In a previous study that I was a co-author on, we actually argue that pharmaceuticals have a similar effect on the ecosystem. We coined the term ecologically disrupting compounds for pharmaceuticals because, typically, these pharmaceuticals are not at high-enough concentrations to kill organisms, to kill animals in the environment. But a large breadth of studies are now showing that they do have sublethal effects, changing things like crayfish behavior, fish feeding rates, or algal photosynthetic rates, that sort of thing. So despite not having a toxic effect, not killing any animals, they are changing the overall interactions among various parts of aquatic ecosystems.

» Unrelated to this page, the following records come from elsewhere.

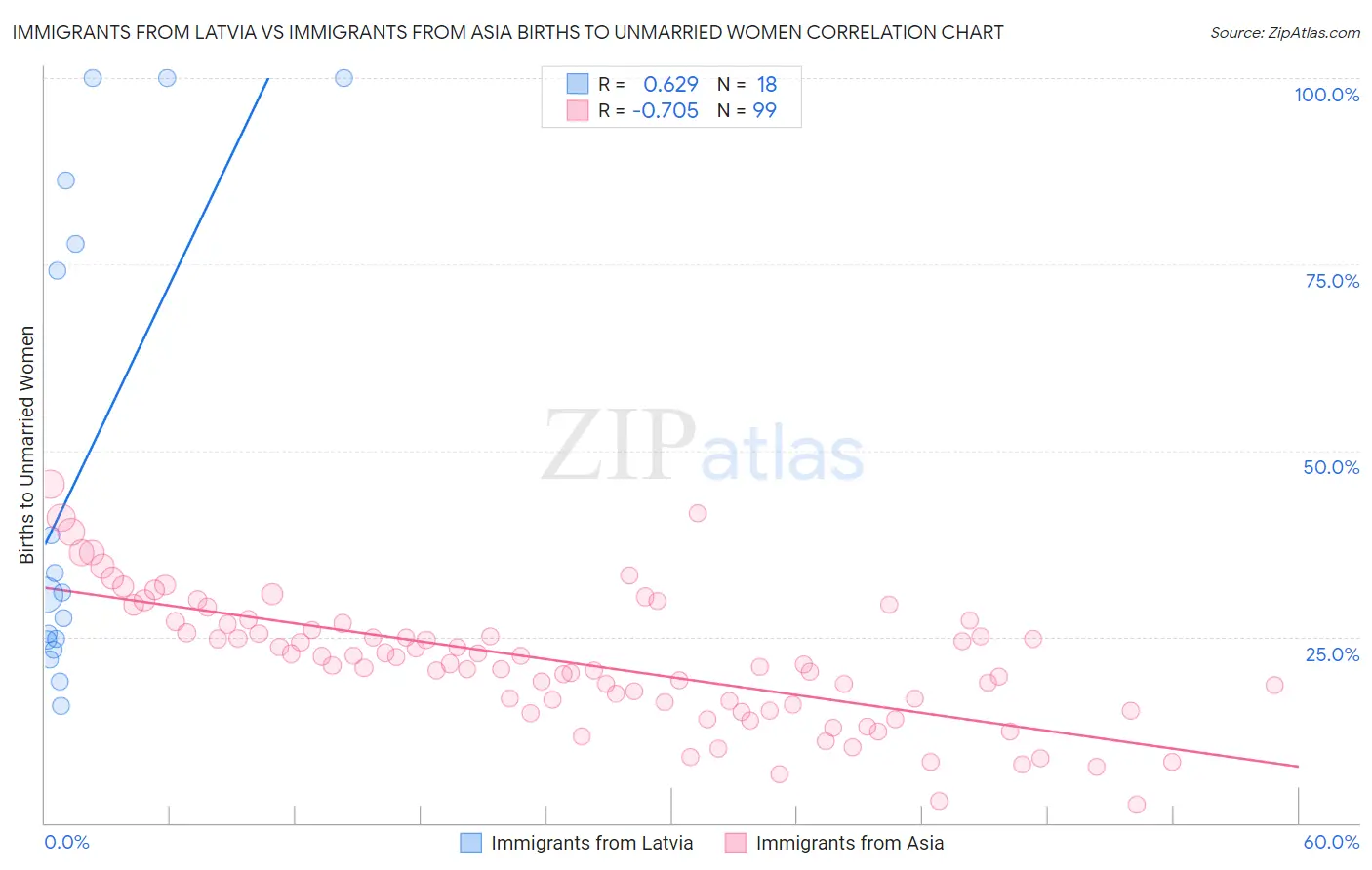 Immigrants from Latvia vs Immigrants from Asia Births to Unmarried Women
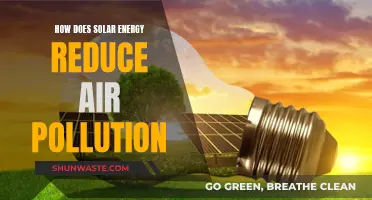 Solar Power: Clean Energy, Clean Air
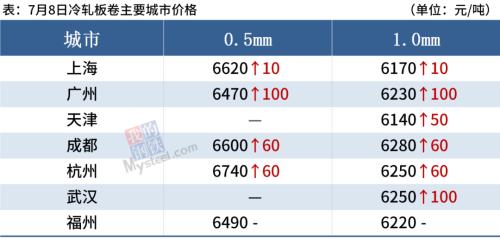 钢厂库存下降，螺纹均价涨近5100，后期涨势放缓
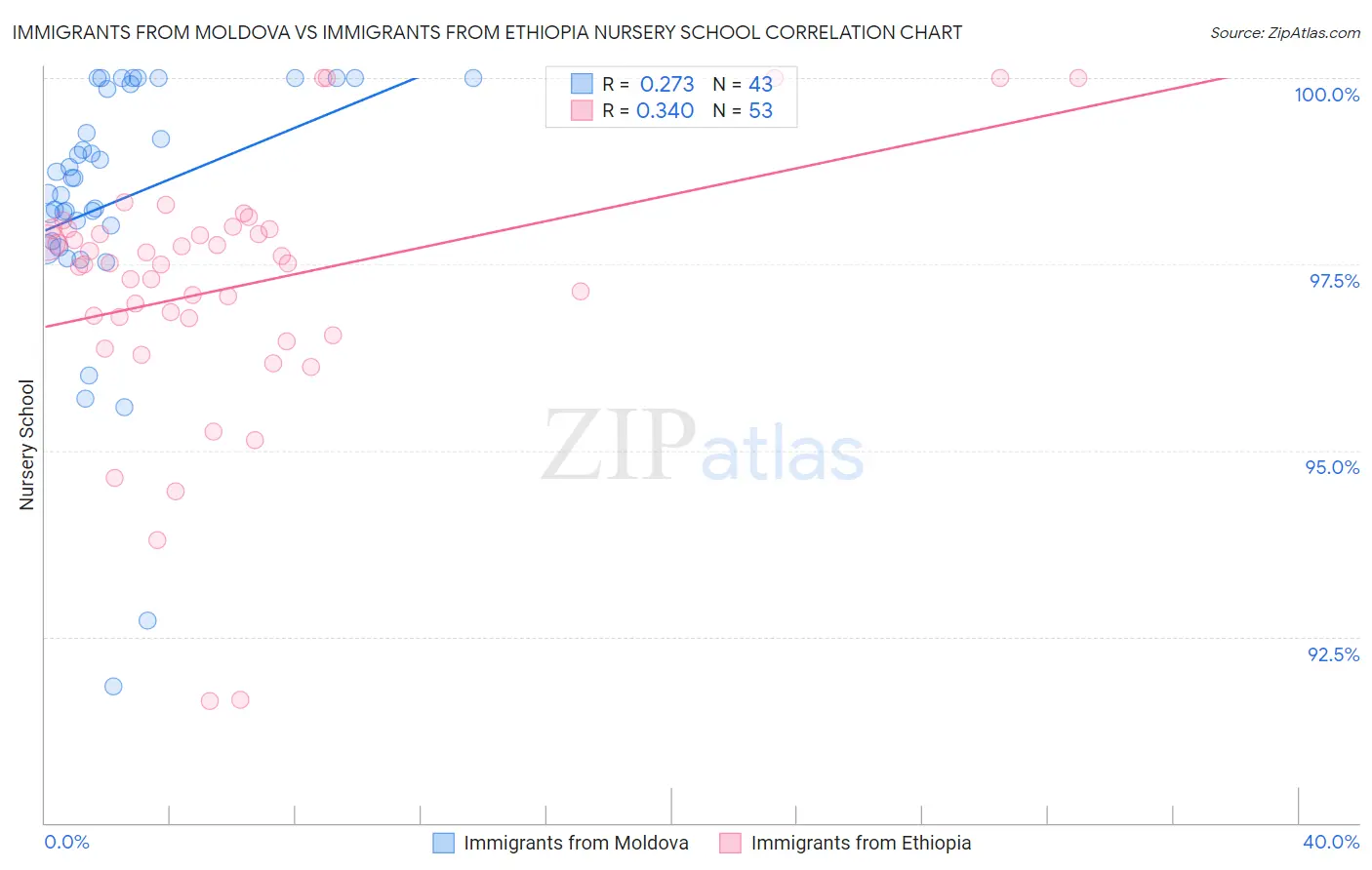 Immigrants from Moldova vs Immigrants from Ethiopia Nursery School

IRA FLATOW: My last question is, so is there anything we can do to limit the amount of drugs that get into the water, AJ?
AJ REISINGER: The first thing that I tell people, when they ask me that question, is, first off, I’m not telling you– I’m not asking people to stop taking their medications. So do not stop taking any medications because you want to protect the water quality. However, there are proper ways to dispose of your medications.
Often, local pharmacies or drugstores will have medication take-back locations, so drop boxes, cabinets, or daily event– one-day events, where they will take any unwanted medications, no questions asked. Local police departments and sheriff’s office often have unwanted medication drop boxes as well.
But first and foremost, I’d say make sure that you don’t ever flush any medications down the drain. If that’s your last option, it’s much better to put your medications in the solid waste in your trash can. Mix it with some type of unedible trash as well, something like coffee grounds, so that you don’t get unintentional ingestion by another animal. And then have it be taken out with the solid trash because that will allow more opportunity for the compounds to break down in the environment.
IRA FLATOW: Great suggestions. I’m sorry. That’s about all the time we have. I want to thank both of you for taking time to be with us today.
LINDSEY REISINGER: Thank you. It was great to be on.
AJ REISINGER: Yeah. Thanks a lot, Ira.
IRA FLATOW: Lindsay Reisinger, assistant professor in the Fisheries and Aquatic Sciences program at the University of Florida in Gainesville, and AJ Reisinger, assistant professor in the Soil and Water Science Department also at the University of Florida.